# Help figuring out how to find this vector

• Nov 2nd 2009, 01:38 PM
BigBoss22
Help figuring out how to find this vector
I have a matrix $A$

$2 4 1 1$
$3 4 0 2$
$1 2 1 2$

Now im trying to find a basis for the nullspace(A)

After applying GJ to A i get

$1 0 0 4$
$0 1 0 0$
$0 0 1 3$

Now how would i go from this matrix to finding the single basis vector

b4 =

1
0
2
1

I don't understand how they went from the matrix to this vector. Any help would be greatly appreciated
• Nov 2nd 2009, 02:42 PM
tonio
Quote:

Originally Posted by BigBoss22
I have a matrix $A$

$2 4 1 1$
$3 4 0 2$
$1 2 1 2$

Now im trying to find a basis for the nullspace(A)
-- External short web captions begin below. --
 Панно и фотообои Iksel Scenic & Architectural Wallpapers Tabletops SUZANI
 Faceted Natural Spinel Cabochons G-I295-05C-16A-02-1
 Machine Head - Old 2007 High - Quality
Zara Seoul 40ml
After applying GJ to A i get

$1 0 0 4$
$0 1 0 0$
$0 0 1 3$

Now how would i go from this matrix to finding the single basis vector

b4 =

1
0
2
1

I don't understand how they went from the matrix to this vector. Any help would be greatly appreciated

I really don't understand what you did: first, I interchanged the 3rd and 1st rows in the original matrix and brought it to echelon form and got:

$\left(\begin{array}{cccc}1&2&1&2\\0&2&3&4\\0&0&1&3 \end{array}\right)$

Using this matrix a coefficient matrix for a homogeneous system (i.e., equating every row to zero), the general solution is

$\left(\begin{array}{c}\!\!\!\!-8w\\5w\\\!\!\!\!-6w\\2w\end{array}\!\!\right)\,,\,\;with\;\;w\in \mathbb{F}=\mbox{ the field of de{}finition}$

You can now choose any non-zero value for w and you get a basis for the null space of A. The vector you mention above is NOT in the null space of A, as you can easily check.

Tonio
• Nov 2nd 2009, 04:18 PM
BigBoss22
Ok i'll give you the full example from the notes that i'm looking at.
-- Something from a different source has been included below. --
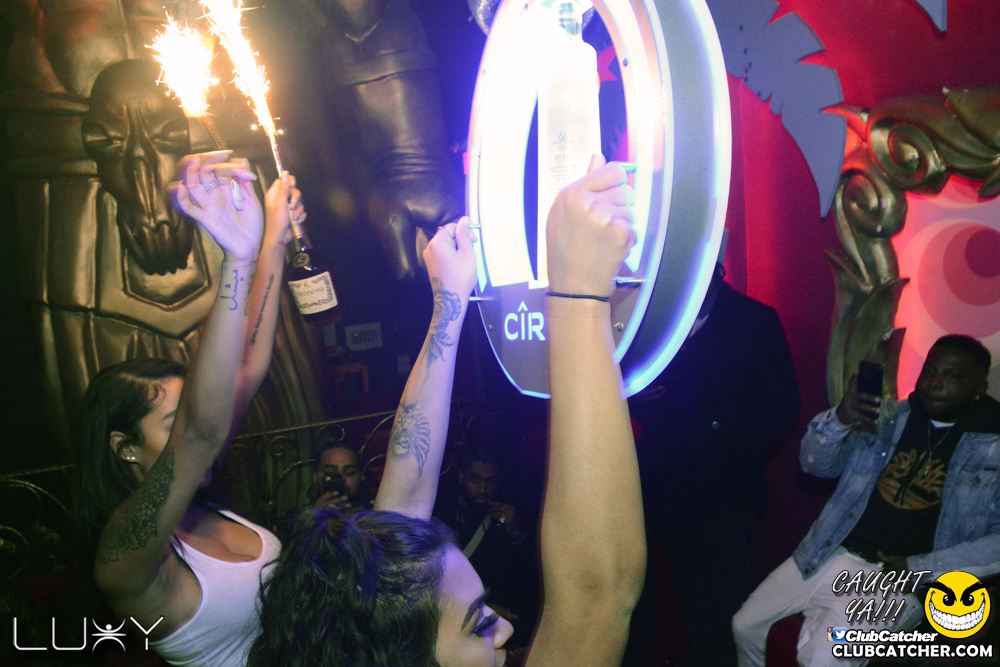 Luxy nightclub photo 33 - November 24th, 2018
Let W be a subspace of Kn and
v is also contained in Kn

Need to determine if v is contained in W

and v =
3
1
2
3

W = rowspace(A)

A =

2411
3402
1212

over $Z5$

According to the notes we will find another matrix B where:
W = nullspace(B)

Then after GJ A =

1004
0100
0013

And then aparantlly

From this information you can get a single bias vector
$b4$=
1
0
2
1

But i dont see how??
• Nov 2nd 2009, 08:05 PM
math2009
Quote:

Originally Posted by BigBoss22
I have a matrix $A$

$2 4 1 1$
$3 4 0 2$
$1 2 1 2$

Now im trying to find a basis for the nullspace(A)

After applying GJ to A i get

$1 0 0 4$
$0 1 0 0$
$0 0 1 3$

Now how would i go from this matrix to finding the single basis vector

b4 =

1
0
2
1

I don't understand how they went from the matrix to this vector. Any help would be greatly appreciated

$rref(A)=\begin{bmatrix} 1&0&0&4\\0&-2&0&5\\0&0&1&3 \end{bmatrix},\ker(A)=span(\begin{bmatrix} -4\\ \frac{5}{2} \\-3 \\1\end{bmatrix})=span(\begin{bmatrix} -8\\5 \\-6 \\2\end{bmatrix})$